I am tossing this idea out for development. It could be a nice tool for board admins. I would envision this being an entry for the ACP with several options.
  • Edit stopwords file
    • Provide a way to edit the stopwords table
    • Track changes so that new stopwords will be removed from the phpbb_search_wordmatch and phpbb_search_wordlist tables
  • Stopword Suggestions
    • Scan current phpbb_search_wordmatch table, counting instances of a word
    • List most common words as candidates for new stopwords
    • Provide easy interface for a "one-click" stopword add
As this is just an idea at this point, I would entertain any further suggestions. Disclaimer: some of the operations required by this MOD would cause heavy database access. I would suggest that the MOD only be used during "off-peak" hours as a result. For example, the following query could be used to generate the suggested stopwords list:

Code: Select all

mysql> select w.word_id, w.word_text, count(*) as word_instances
    -> from phpbb_search_wordlist w
    -> , phpbb_search_wordmatch m
    -> where w.word_id = m.word_id
    -> group by w.word_id, w.word_text
    -> order by word_instances desc
    -> limit 25;
+---------+-----------+----------------+
| word_id | word_text | word_instances |
+---------+-----------+----------------+
|      92 | code      |            417 |
|      36 | work      |            266 |
|      44 | forum     |            259 |
|      68 | i         |            253 |
|      32 | php       |            247 |
|    1787 | think     |            233 |
|      23 | site      |            218 |
|       3 | phpbb     |            216 |
|     372 | user      |            213 |
|     127 | make      |            211 |
|      25 | done      |            199 |
|    1342 | change    |            188 |
|    1439 | ill       |            184 |
|    1343 | changes   |            184 |
|    3837 | phase     |            181 |
|    1531 | post      |            178 |
|      20 | board     |            177 |
|    1855 | server    |            177 |
|      96 | database  |            177 |
|    1576 | set       |            172 |
|      22 | test      |            171 |
|      63 | back      |            166 |
|    1405 | file      |            166 |
|      31 | ive       |            159 |
|    2394 | let       |            158 |
+---------+-----------+----------------+
25 rows in set (0.50 sec)
As you can see, the query ran in 0.50 seconds on a board with only 57K rows in the phpbb_search_wordmatch table. The same query run on a board with nearly 5 million records in the wordmatch table takes between 20-30 seconds.

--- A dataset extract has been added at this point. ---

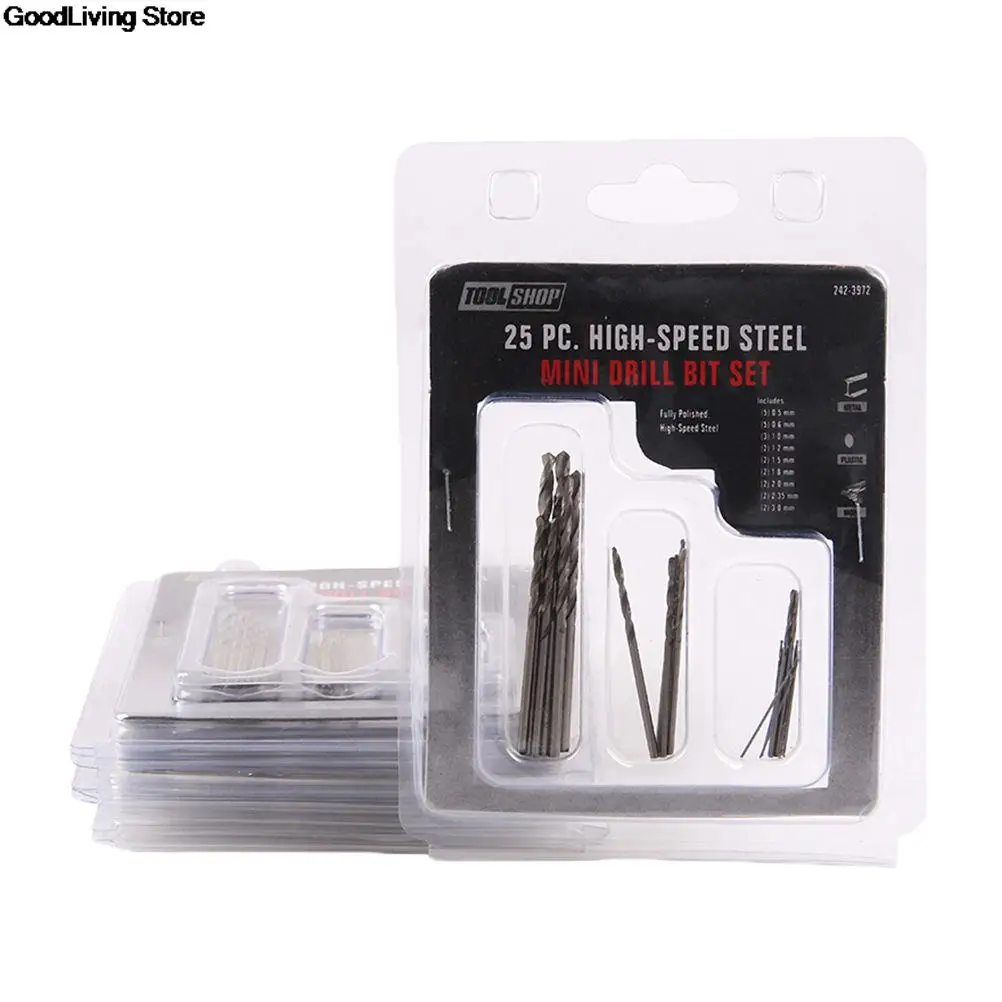 25pcs/set 0.5mm-3mm High Speed Steel Twist Drill Hole Bits Precision Pin Vise Model Spiral Drill With Micro-Drill Bits Tools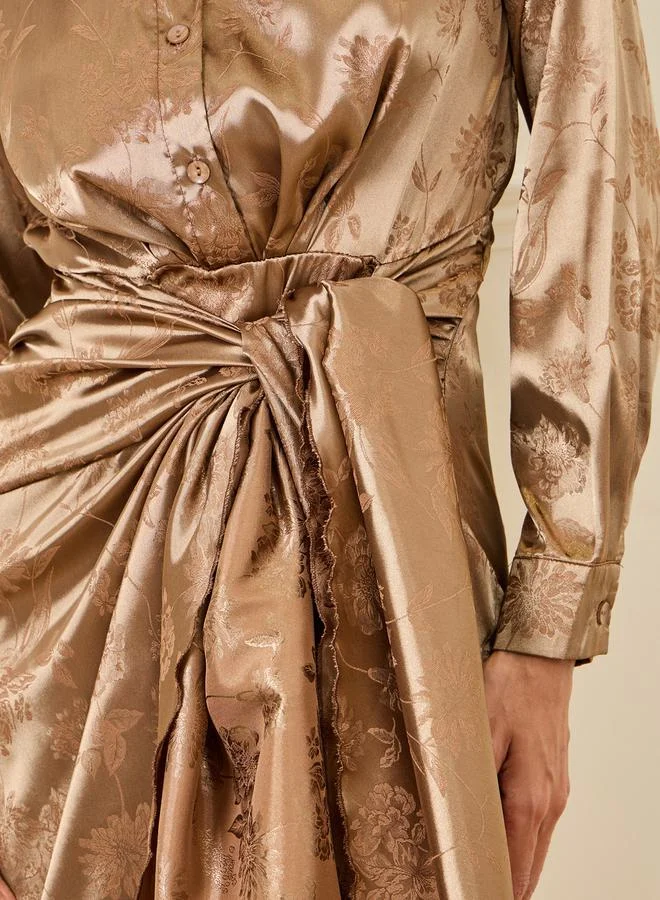 Styli Satin Drape Dress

Of course this MOD could be written to include the ability to edit the search_synonyms.txt file as well, but that has less impact on the search performance.

Thoughts? Suggestions? Good idea? Bad idea?
Last edited by drathbun on Sat Feb 25, 2006 6:44 am, edited 1 time in total.
I blog about phpBB: phpBBDoctor blog
Still using phpbb2? So am I! Click below for details
Image
penelope_b
Registered User
Posts: 70
Joined: Thu Dec 01, 2005 3:37 am

Post by penelope_b »

Suh-weet idea. Love it.

(Says the chick who just got done doing a bunch of stopwords editing and SQL querying by hand. :P)
TStarGermany
Registered User
Posts: 16
Joined: Fri Nov 11, 2005 7:58 pm
Contact:

Post by TStarGermany »

this is going to be a useful mod...

btw/offtopic: does anyone offer a larger search_stopwords.txt than the one delivered with phpbb for downloading ? the search didn't give any useful results
DemonBob
Registered User
Posts: 226
Joined: Thu Jan 15, 2004 7:04 pm
Location: Louisiana, United States
Contact:

Post by DemonBob »

This would be a nice idea, it would be even better if someone could port the stopwords to be read from the database, in it's own table, then modifiy the search.php to look for the stop words in the db.
TStarGermany
Registered User
Posts: 16
Joined: Fri Nov 11, 2005 7:58 pm
Contact:

Post by TStarGermany »

i just created a stopwords list out of the 1000 most common english words (i manually took out the ones who might be useful,especially nouns etc) about 630 remain,that's ~3 times as much as the OEM list ^^ ... i could post it if someone is interested in it...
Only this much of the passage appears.